I used to make a bunch of resolutions every year, and even write them down. When I invariably failed to achieve them all, I’d schedule quarterly reminders. Like that helped. And its no fun being confronted with your under-achieving self at such a festive time as New Year’s Eve.
The problem is that resolutions are extra credit, stuff above and beyond what we’re already doing. Nobody makes a resolution to stay at their current weight, for example, which is probably a challenge as it is. And because we’ve got a whole year to complete our resolutions, we tend to aim high. You’re not going to lose a pound or two, you’re going to drop five or ten. On the business front, you’re not going to survive or grow by 5%, you want to grow by 30%. So unfortunately, the whole resolution business is doomed to failure. It’s like betting against the house in Vegas: you may get lucky once in a while, but in the long run you have no chance. The only difference is that you have a lot of fun in Vegas.
And just in case you’re pretty happy with where you are personally, or with your business, there’s a non-stop torrent of self-help books, business blogs, and the like telling you what to do better. All excellent fodder for the Resolution Express.
Another problem with resolutions is that in today’s society, in order to lead a good, fulfilling life, the media gives us such an impossibly long and agonizingly detailed regimen to follow, that practically everyone walks around feeling some angst when they invariably come up short. Next year, we kid ourselves, we’ll pick up the slack.

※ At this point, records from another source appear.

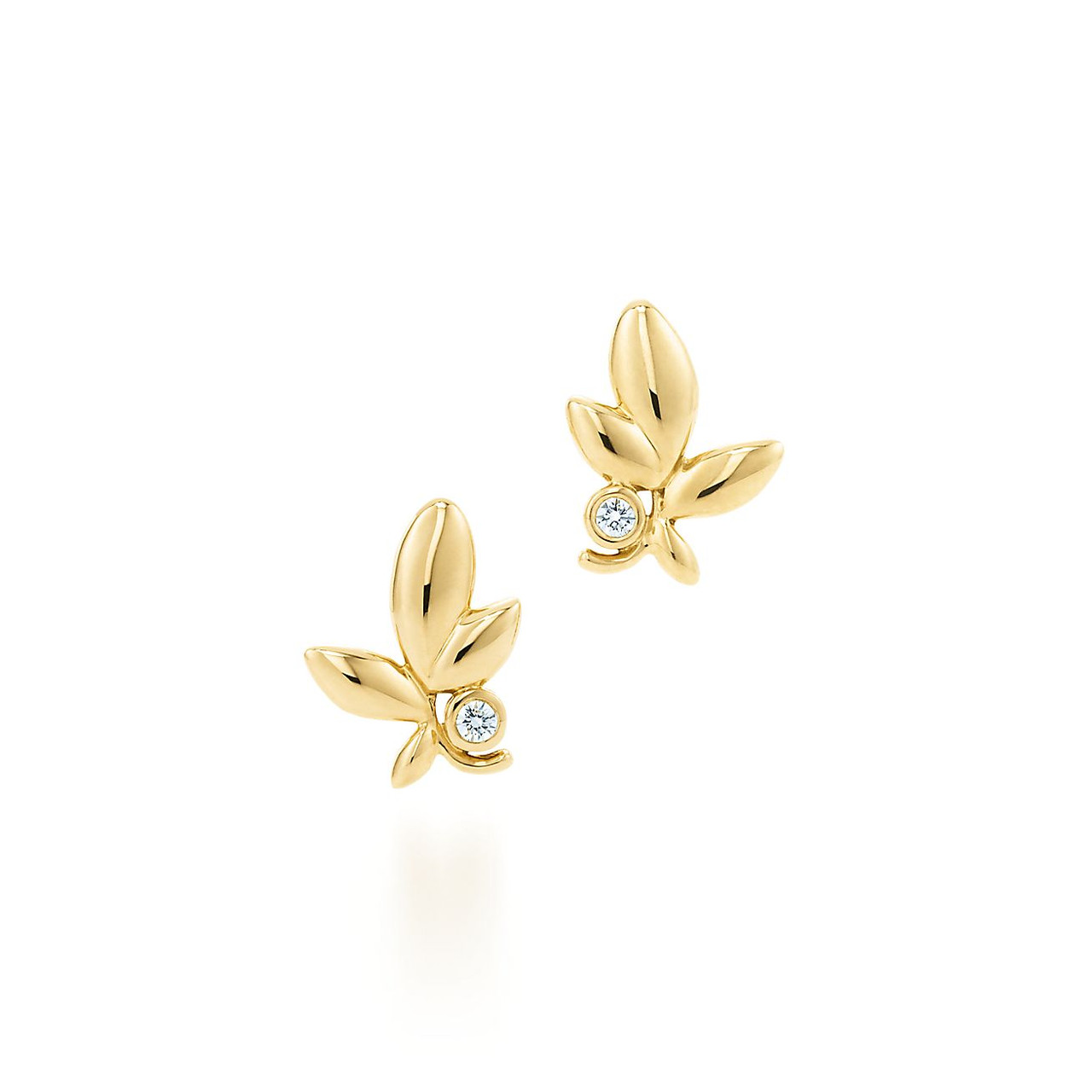 Tiffany Inspired Picasso Olive Leaf earrings in 18k gold with diamonds
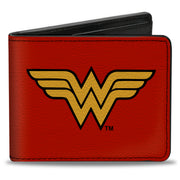 Bi-Fold Wallet - Wonder Woman Logo Red Black Gold Bi-Fold Wallets DC Comics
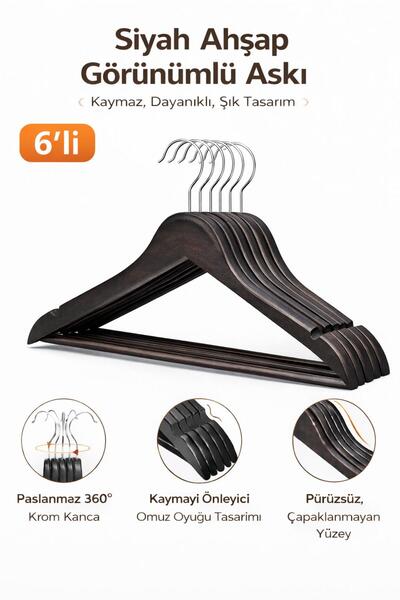Dory 6 Adet Ahşap Görünümlü Elbise Ve Kıyafet Askısı - Siyah Askı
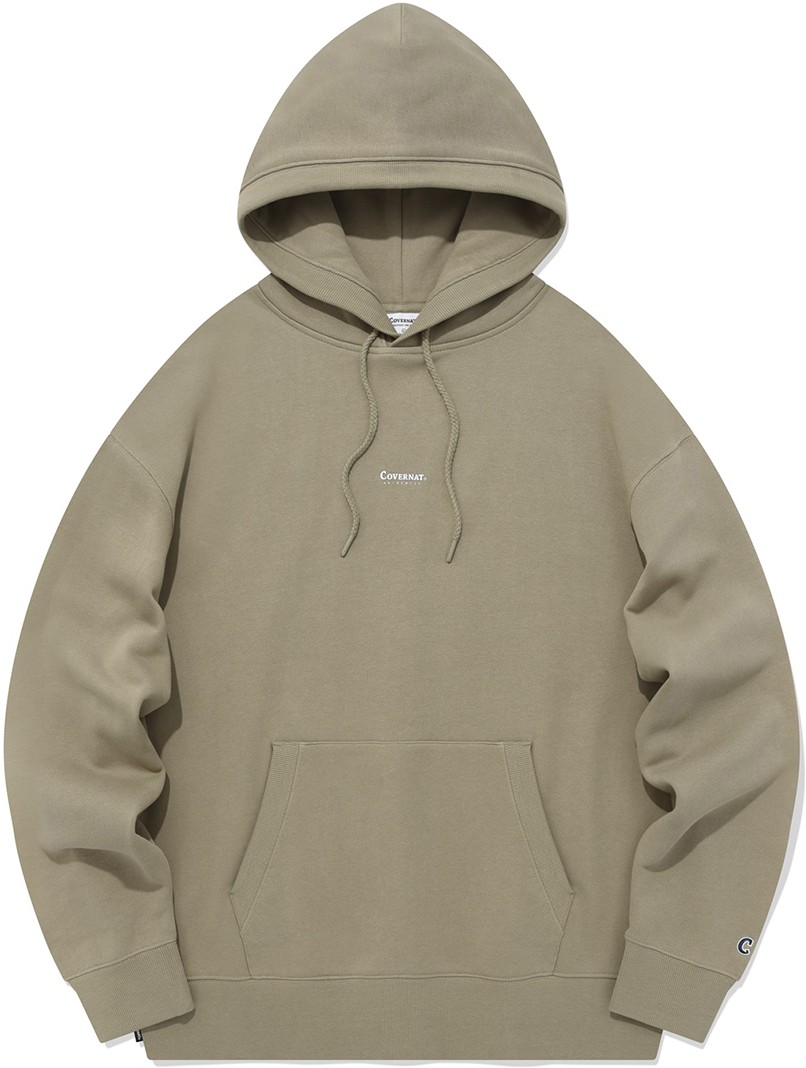 Covernat Unisex Oversized Small Authentic Logo Hoodie Beige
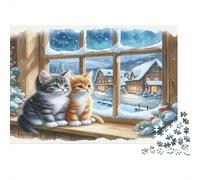 Winter Cats Window Puzzle 1000 Pezzi | Adulti 1000 Pezzi Classici Ragazzi Decorazione Pareti Regalo Gioco Familiare 38x26cm/1000pcs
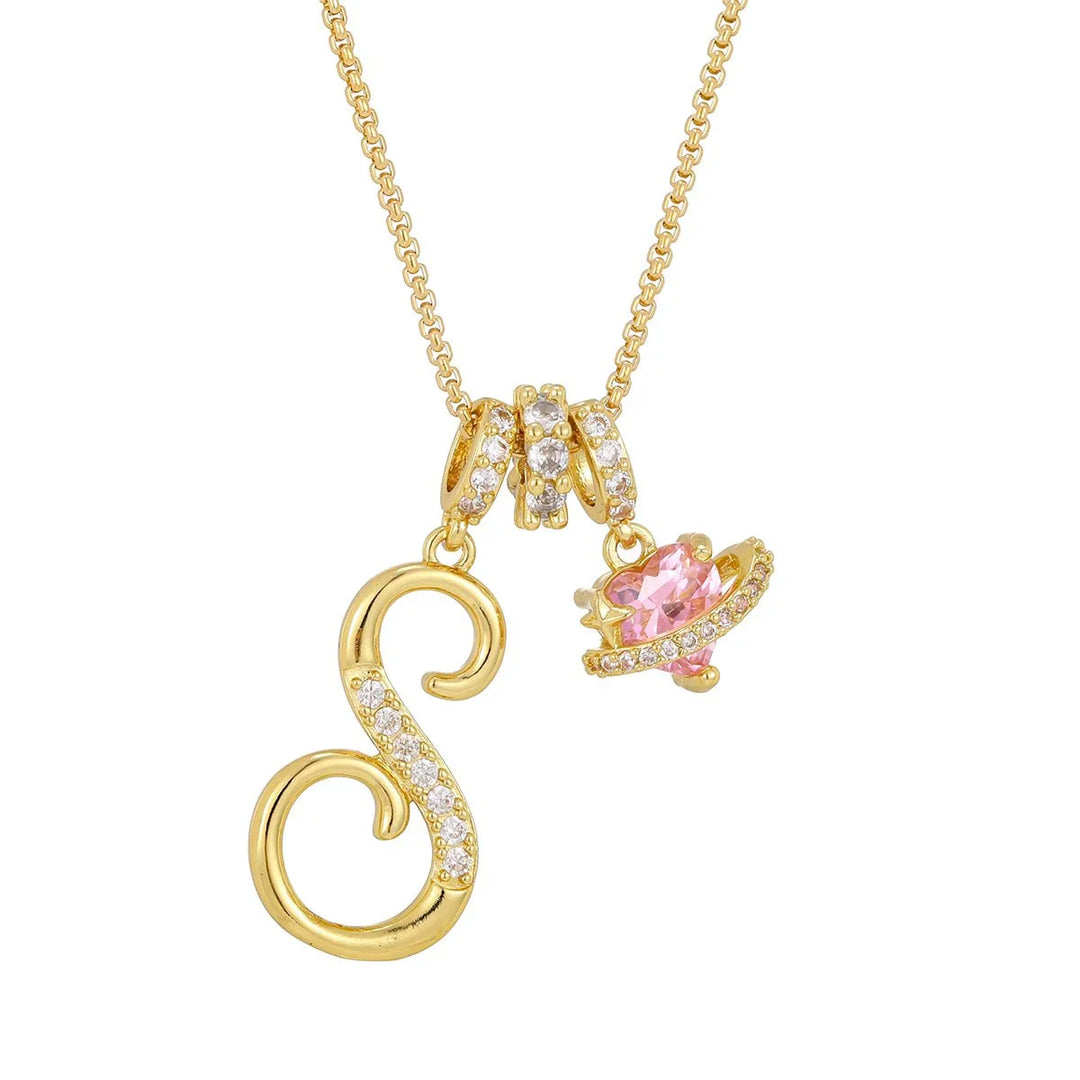 Nerute - Colar Com Inicial e Pingente em Forma de Coração Rosa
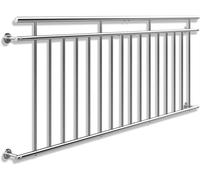 GARDE-CORPS DE PORTE FENETRE 225x90CM BALUSTRADE MAIN COURANTE RAMBARDE ACIER...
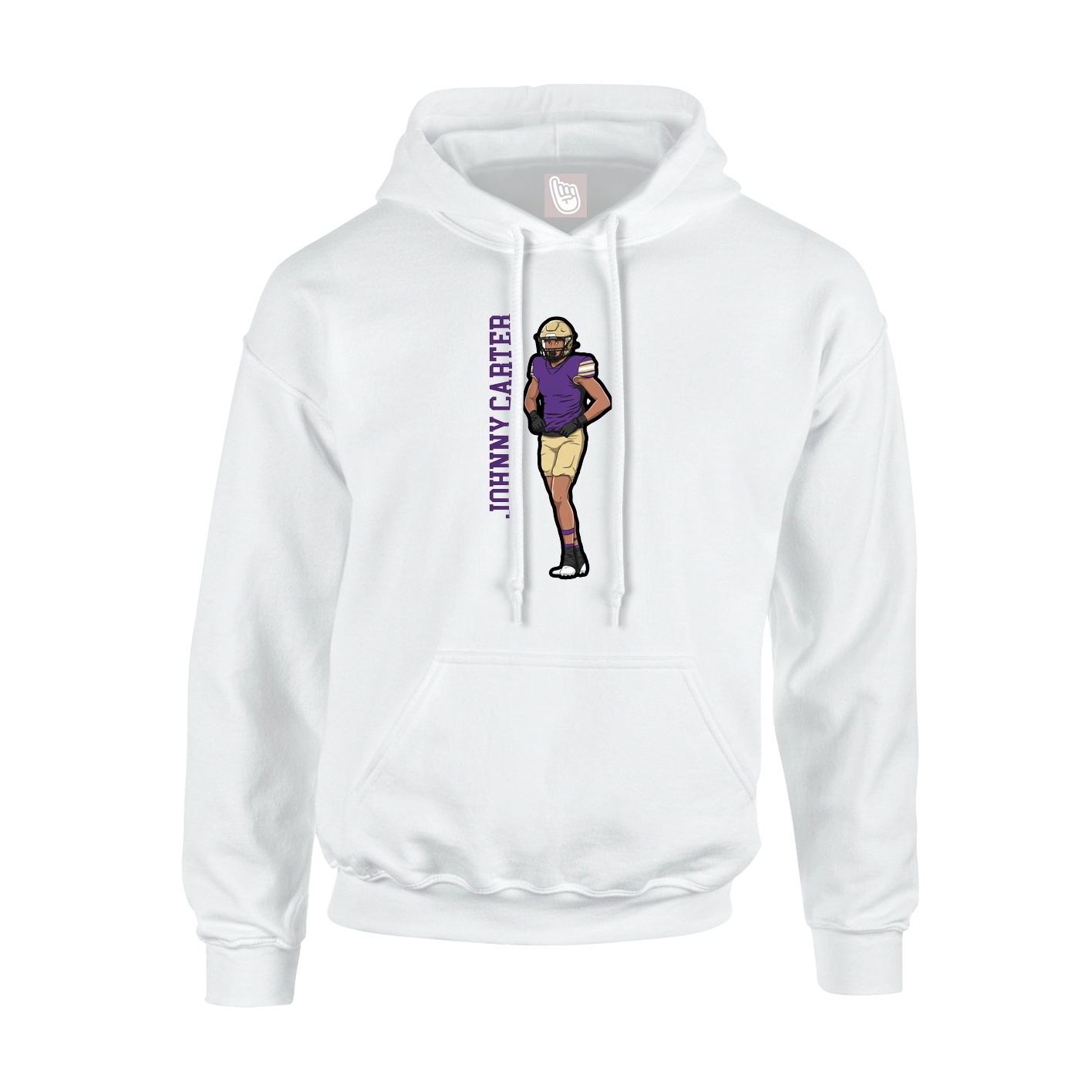 Youth Hoodie — Name Vertical in White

Take health for example. When I go for my annual physical, my doctor asks me how many servings of fruits and vegetables I get a day. I tell him two, if I’m lucky. He counters that I should have five. I remind him there are only three meals in a day, but the math doesn’t throw him. “You really should have five”, he says with a straight face. “Try to snack on an apple or a bag of carrots.” Uh huh.
If you want to feel inadequate at event planning, subscribe to Jeff Hurt’s blog, MidCourse Corrections. Every time I look at my laptop it seems there’s a new post by Jeff, listing 10 trends in conference planning I need to know about, or 5 things speakers do wrong at meetings, or 7 reasons attendees are falling asleep at our programs. It’s all good stuff, and Jeff’s one of our industry’s great minds, but let me tell ya, you have no chance of implementing everything he recommends; it’s just too much. You’re lucky if you integrate 10% of his ideas, and the truth is he’d probably say that’s just fine. But of course you look at the 90% you can’t get to and see the flashing neon “Under-Achiever” sign in your mind.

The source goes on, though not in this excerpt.